Kelly Bryd, 22, had high hopes for her new life in Korea when she flew to the country from the United States in February 2021.  
 
A junior majoring in Korean studies at George Mason University Korea in Incheon, Bryd wanted to practice and improve her Korean. She wanted to make Korean friends. But one major problem got in the way: Online education.  
 
Bryd is among 89 international students who enrolled at the university last spring at the start of the school year. They came from 10 different countries, including Canada, China, Russia, El Salvador, Ethiopia, and Taiwan.  
 
Many of these students came to immerse themselves in a new culture.
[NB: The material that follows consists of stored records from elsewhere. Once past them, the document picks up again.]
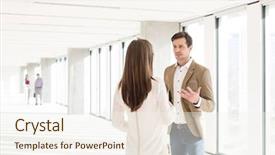  Presentation with new office - PPT layouts consisting of business people talking standing up - young businessman discussing with female background and a sky blue colored foreground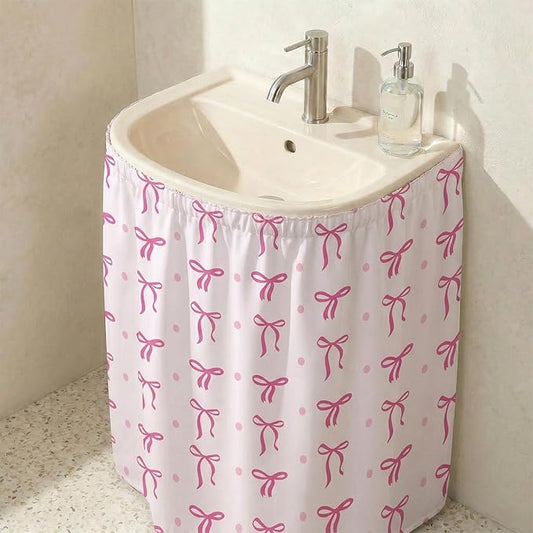 Pink Bow Sink Skirt for Preppy Bathroom Decor, Self Stick Adhesive Waterproof Fabric, Coquettecute Under Sink Curtain Skirt, Pedestal Sink Accessories Decor,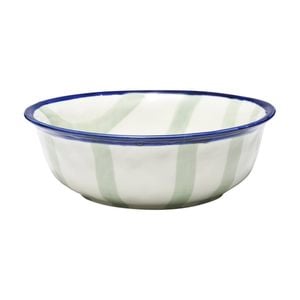 Porto Sable Kitchen Serving Bowl White & Sage Green Stripe 25cm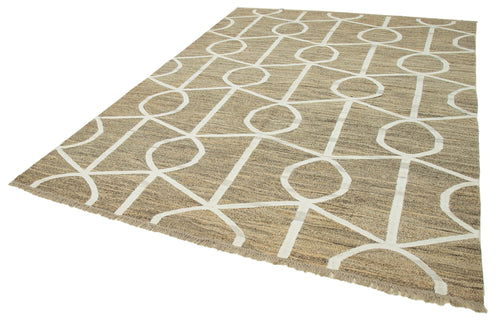 Handmade Area Rug - Beige Geometric Cotton Wool Rug 8'1'' x 10'6'' Durable Design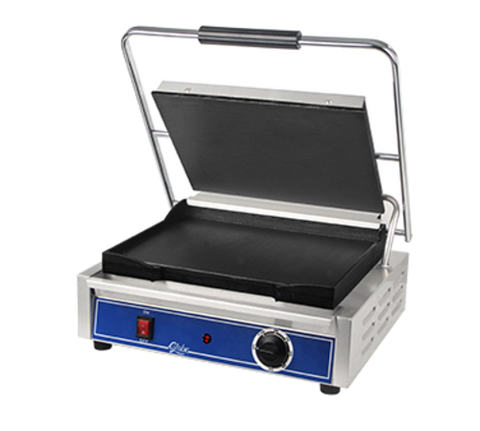 Globe GSG1410-C Sandwich Grill, 14-1/2 in x 10 in , seasoned cast iron smooth griddle plates, st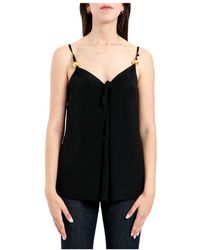 SIMONA CORSELLINI - Tops ,Zwart ,Leer Zwarte Top Met Strik Detail - Lyst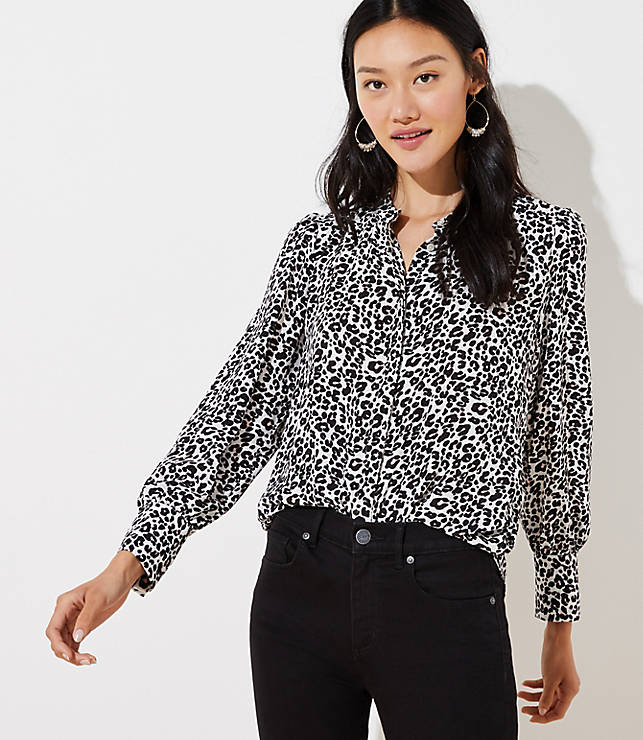 Leopard Print Crossover Back Utility Blouse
When they arrived, they realized it would be a lot more difficult than they thought, due in a large part to the language barrier.  
 
Online education has only made it harder for them to learn the language, several international students told the Korea JoongAng Daily.  
 
The limitation on in-person meetings owing to Covid-19 social distancing restrictions reduces the opportunities for international students to efficiently communicate using the Korean that they have learned in class.  
 
Even if they make new friends, they tend to mostly be other international students who speak English as their first language.  
 
In an online setting, students would mainly prefer communicating with the language that they feel most confident in, which leads them to avoid using Korean in conversations altogether. If they have more chances to meet in person with their peers, they could at least try using Korean and learn from other Korean friends how to pronounce certain words and when to use expressions naturally through dialogue.
 
“Let’s say I need something to be translated and want to get help from a classmate,” said Jose Herrejon, 22, a sophomore from the United States. “Because of the barrier that we are only online classmates, it is hard to do that.”  
 
One time Herrejon desperately needed help was when he had to use the ATM.  
 
“I was looking for an ATM but there was nobody who could take me there,” he said. “I had to walk down all the way following the map app finding it. I didn’t know at that time there was an ATM right outside of the dorm that I lived in.  
 
“If I had seen somebody who I might be familiar with, like students of our university, maybe they would know and help me. But everybody was taking online classes and I could not find a friend for help.”  
 
George Mason University Korea has devised some programs to help struggling international students, one of which specifically helps them learn Korean and better understand the Korean culture through in-person gatherings held under social distancing measures.  
 
Still, Chizzy Nwosu, 19, from the United States, said she wants to receive more help from her professors with online classes.  
 
“I feel like the professors should talk to and communicate with the students more rather than [telling us to] simply e-mail or ask questions during classes,” said Nwosu.  
 
For Bryd, nothing can beat face-to-face interaction.  
 
“I would rather wish to go back to pre-Covid times as there was more interaction with peers. I do miss inperson classes and miss the interaction I had with other students and professors.”